My second question has to do with setitimer, which according to the docs says it will deliver alarms and the time can be specified as a floating point number. Sounds exactly what I want. In fact, according to this - python timer mystery it looks pretty easy to use. But when I make an exact copy of that example, I get this:

[root@poker python]# ./signal.py
Traceback (most recent call last):
  File "./signal.py", line 10, in ?
    signal.setitimer(signal.ITIMER_REAL, 2, 2)
AttributeError: 'module' object has no attribute 'setitimer'

Perhaps part my the problem is that as a new python user I'm still not 'one with python' and perhaps am not understanding what the error message it trying to tell me. Is it complaining that it can't find signal.setitimer OR is there something wrong with the attributes I'm passing? I was wondering if it couldn't resolve signal.ITIMER_REAL and so tried calling it with a 0 just to see what would happen and now it's telling me:

[root@poker python]# ./signal.py
Traceback (most recent call last):
  File "./signal.py", line 10, in ?
    signal.setitimer(0, 2, 2)
AttributeError: 'module' object has no attribute 'setitimer'

so I have to believe it is signal.setitmer itself that is having issues.
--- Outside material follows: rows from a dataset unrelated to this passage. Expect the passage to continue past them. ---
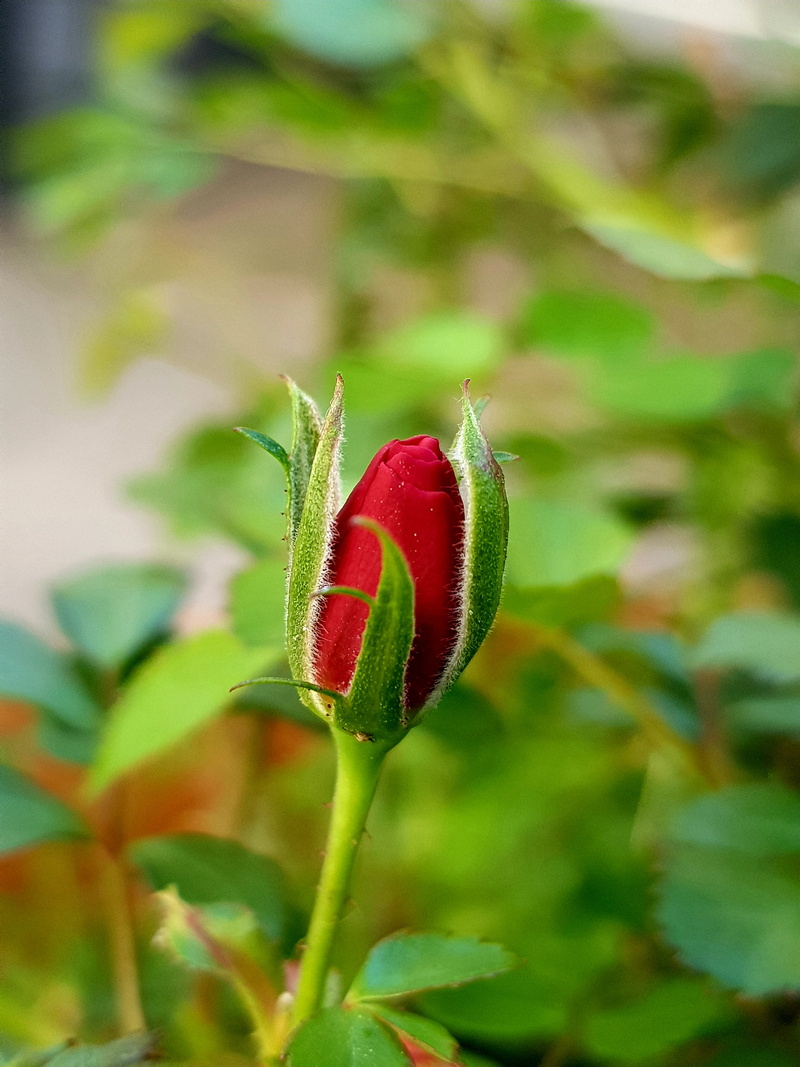 beauty in nature, scholarship, 4K, green color, sepal, focus on foreground, close-up, plant part, bud, growth, nature, selective focus, rose, outdoors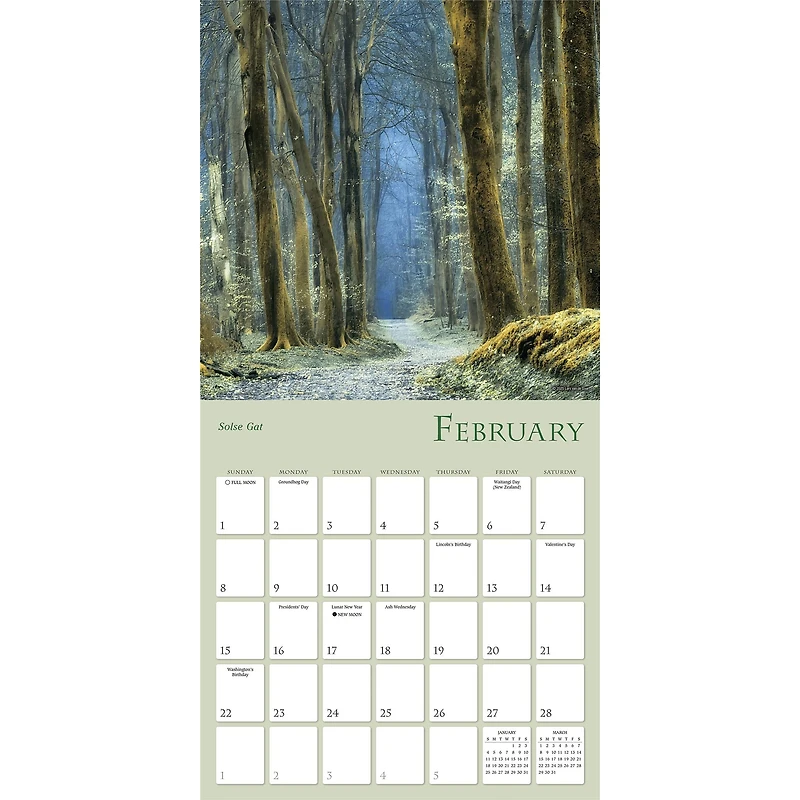 Enchanted Pathways 2026 Wall Calendar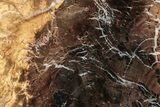 Jurassic Purbeck Fossil Wood Slab - Dorset, England #285020-1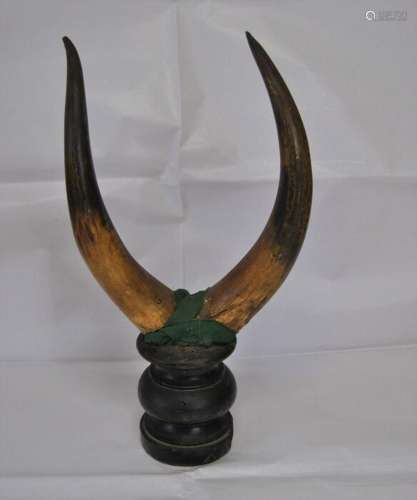 Bull's Horns on Wooden Pedestal End 800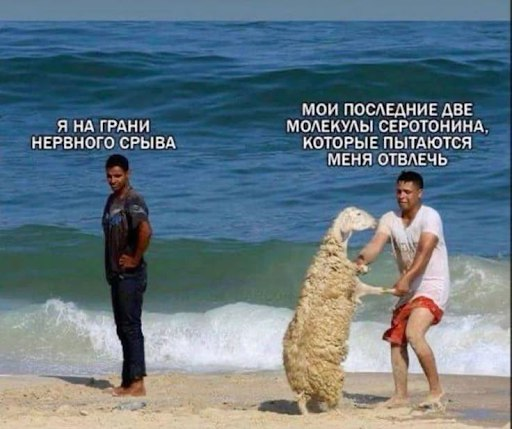 Спорт, мозг и депрессия: инструкция для тех, у кого нет сил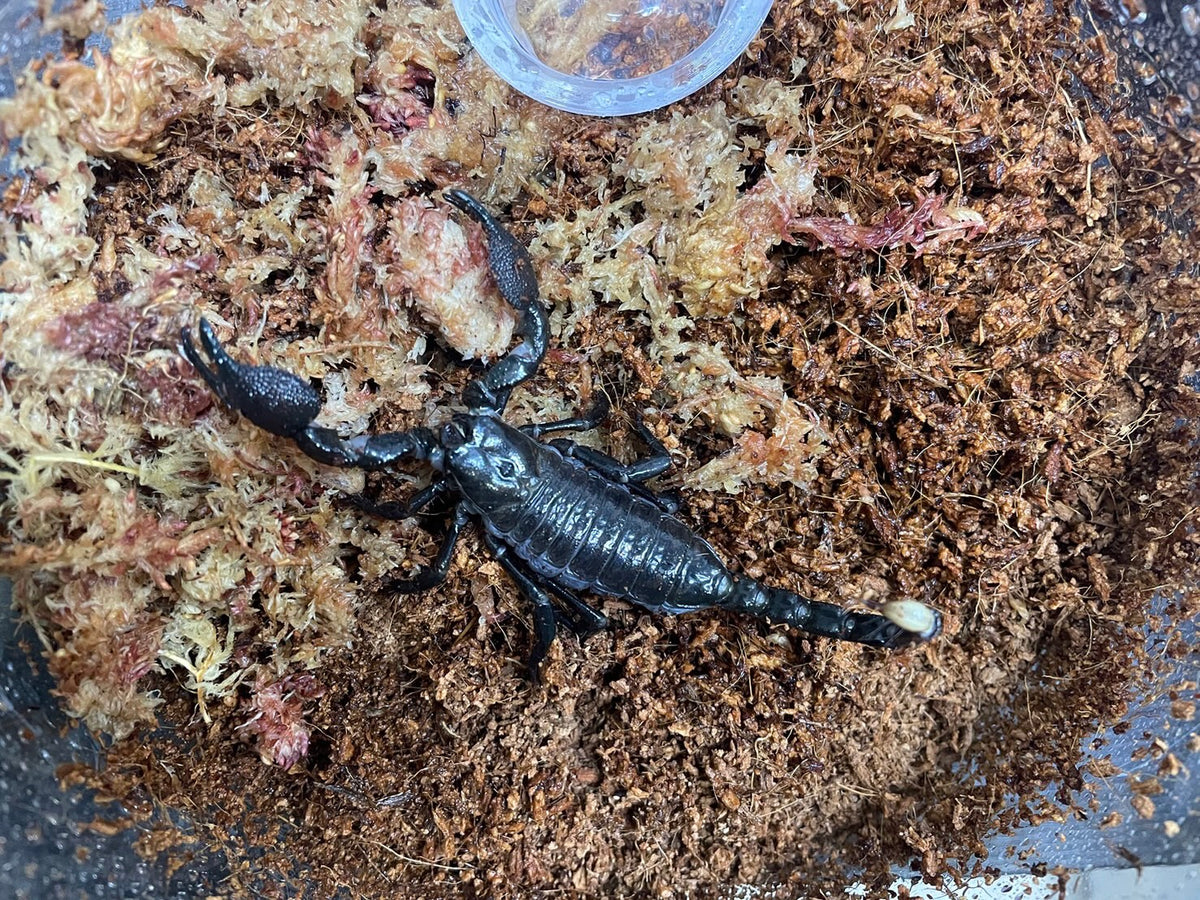 ダイオウサソリ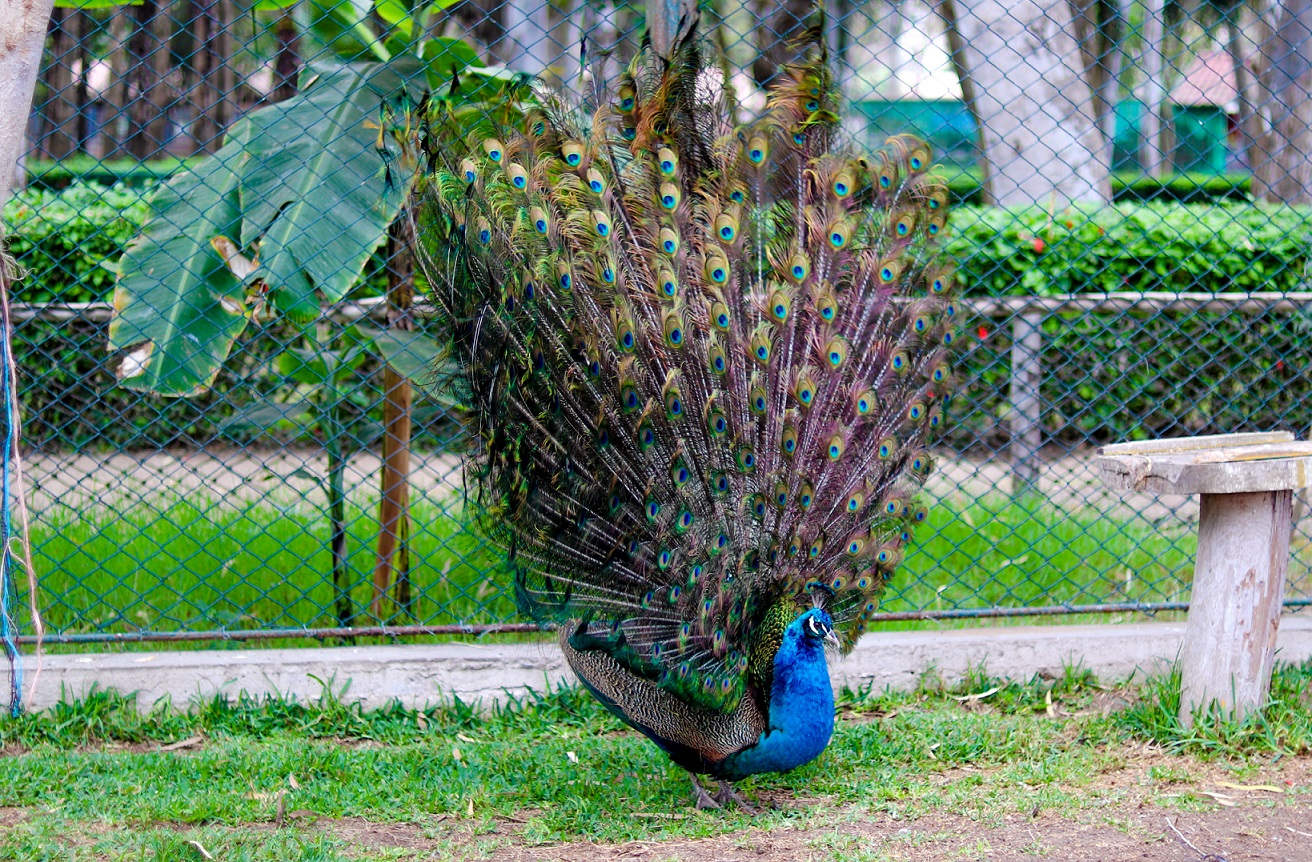 PAVO REAL 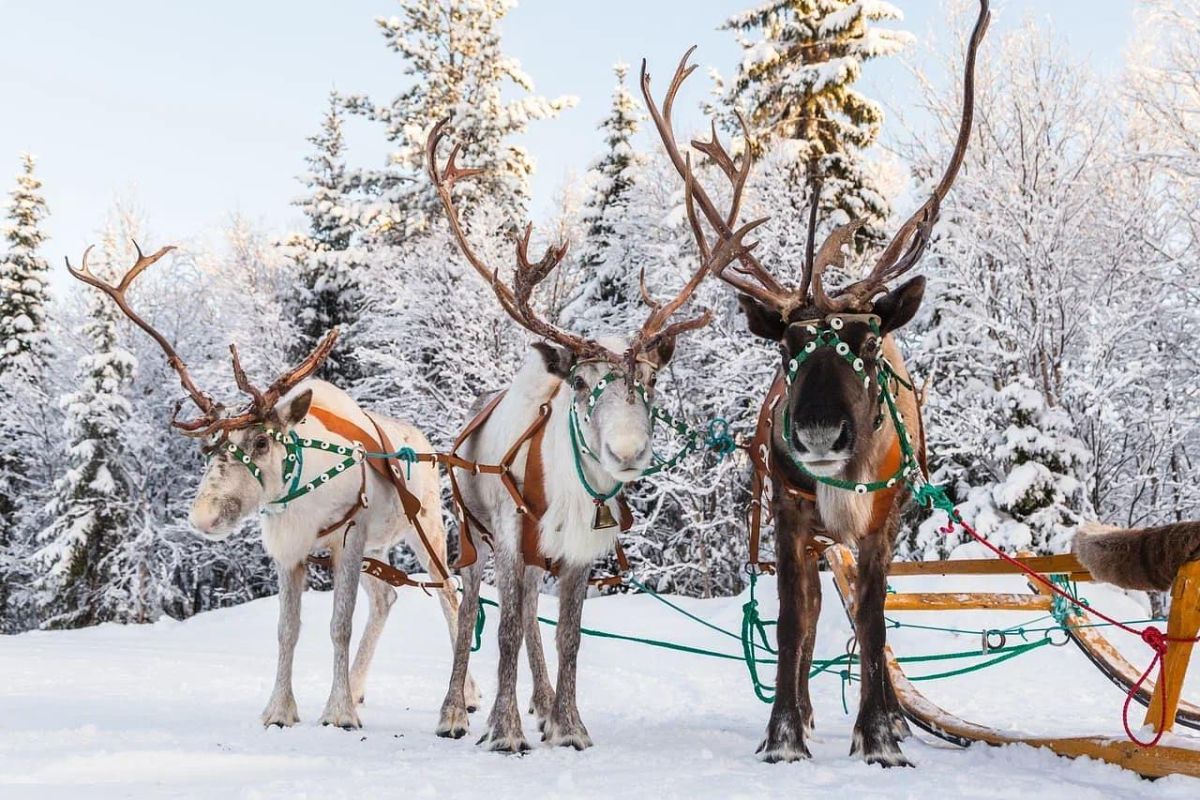 Аврора. Море. Ты. (пешая прогулка)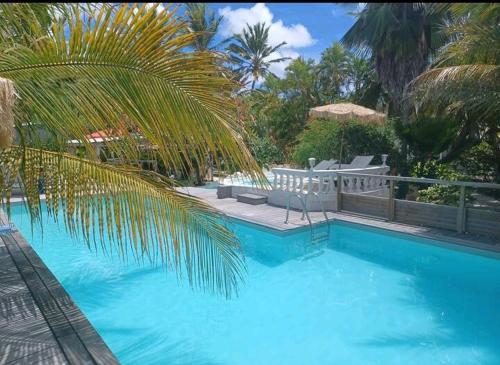 a blue swimming pool with chairs and a palm tree at Le grand palm gîte filao in Les Basses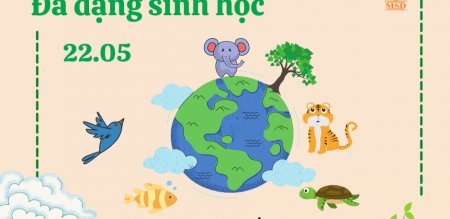 Hưởng ứng Ngày quốc tế đa dạng sinh học năm 2025 “Đa dạng sinh học - Giá trị cuộc sống từ thiên nhiên” Hưởng ứng Ngày quốc tế đa dạng sinh học năm 2025 “Đa dạng sinh học - Giá trị cuộc sống từ thiên nhiên”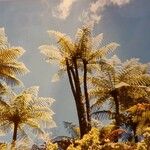 Dicksonia antarctica 整株植物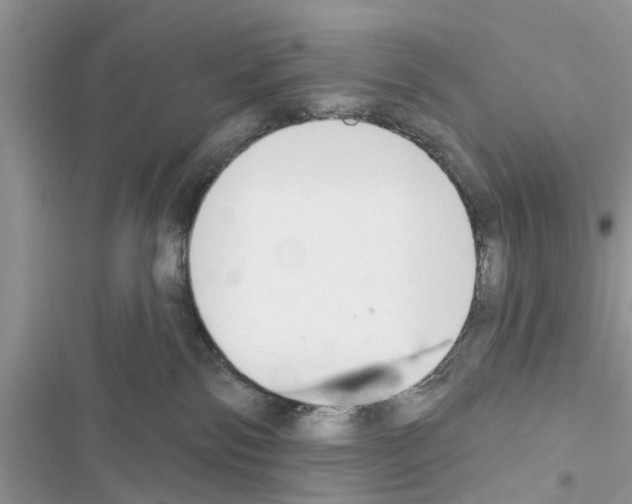 X0000116630138201001221408
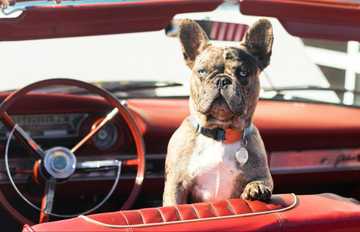 safe temperature to leave dog in car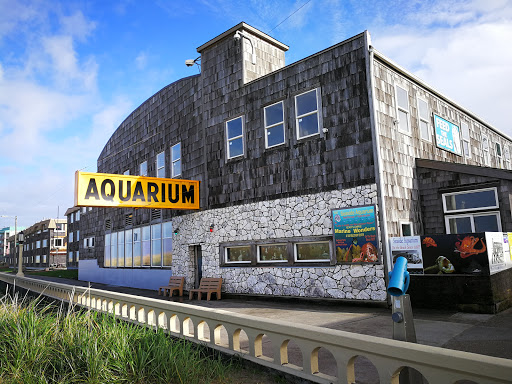 Aquarium «Seaside Aquarium», reviews and photos, 200 N Prom, Seaside, OR 97138, USA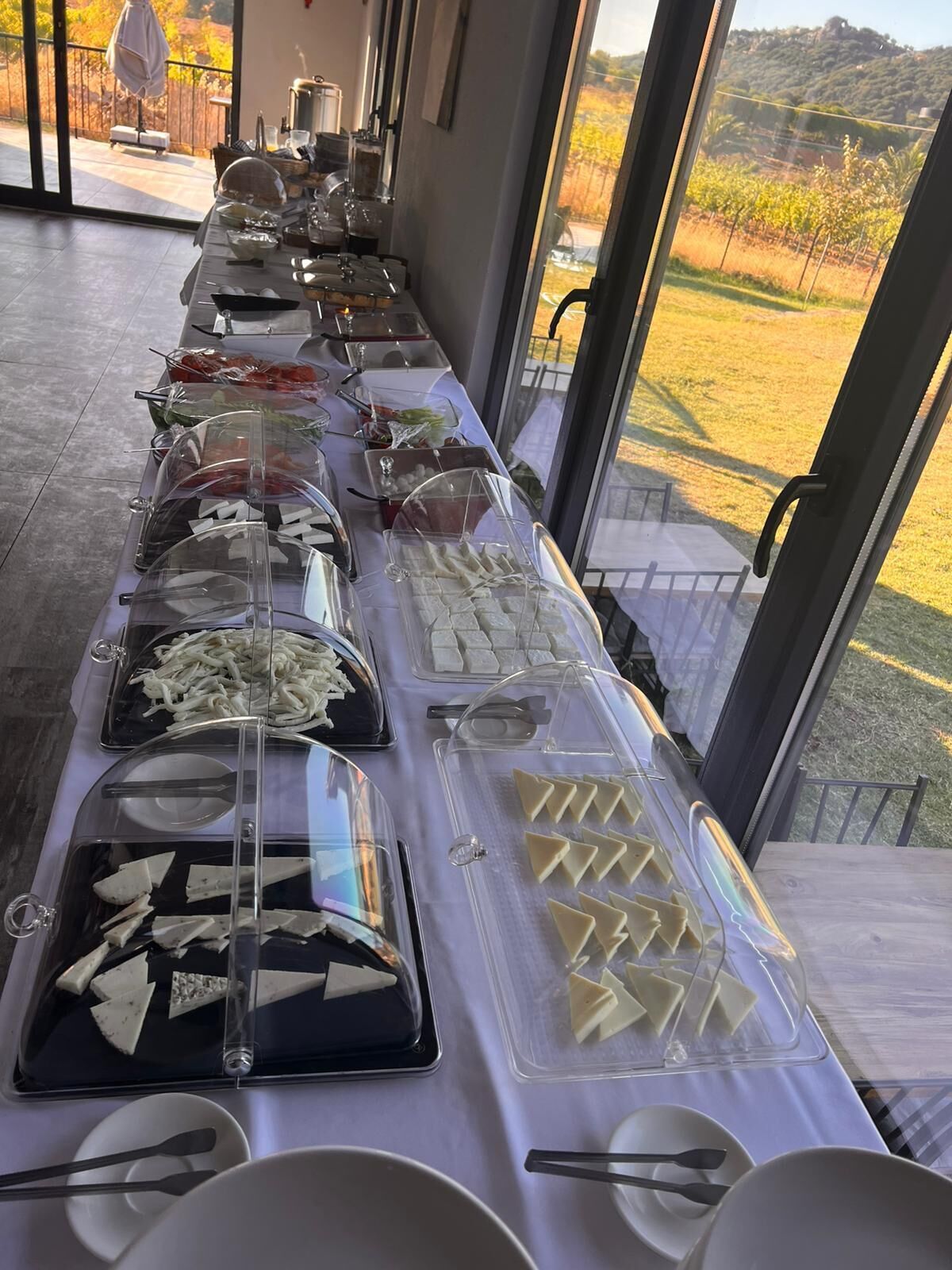 Desayuno buffet incluido todos los días 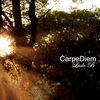 Image of Carpe Diem linking to their artist page due to link from them being at the top of the main table on this page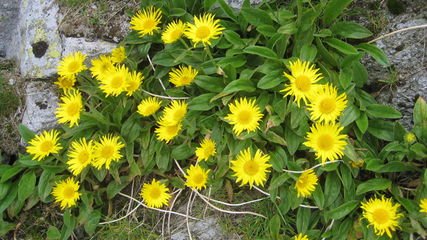 BUPHTHALMUM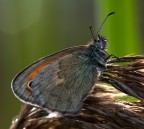Bollicina ..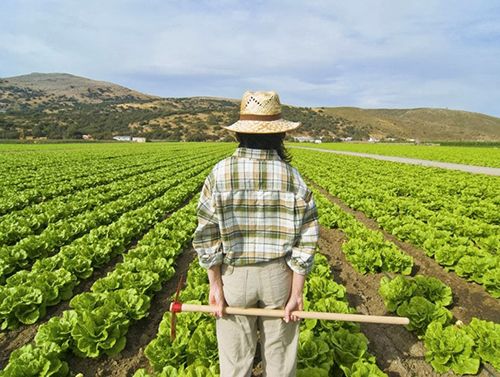 FADEMUR pide facilidades para las emprendedoras rurales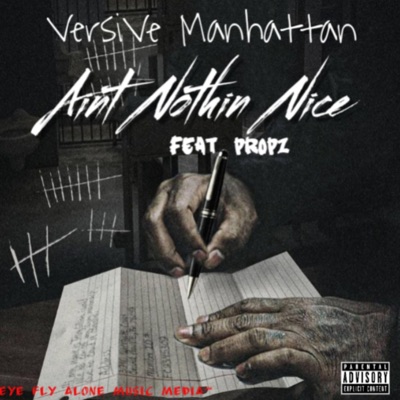 Aint Nothin Nice (A.N.N) (feat. Propz) - Single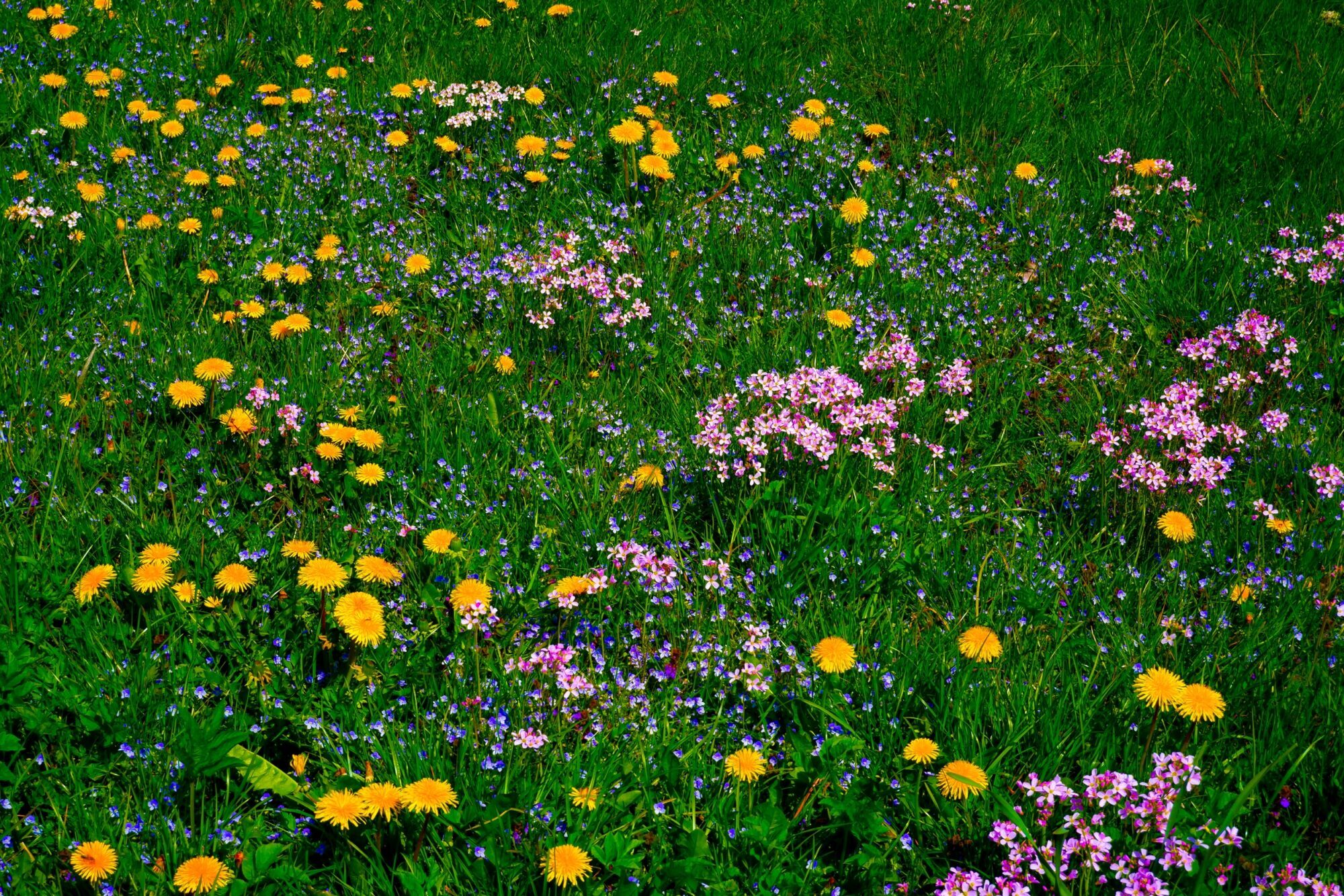 Flower meadow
Aha! I just figured out the problem by trying this on a VM with a newer version of python and it works just fine. Looks like setitimer is not available with my version of python but how can I tell from the error message? Shouldn't it be saying the module has no method? Calling the missing method an attribute is pretty confusing.

Maybe that's just part of the learning curve. Anyhow I thought I'd keep this second question in here so other might benefit, but I still am still stumped by what I can't get high resultion time from time.time() which still only reports in hundredths of a second even on this newer version of python.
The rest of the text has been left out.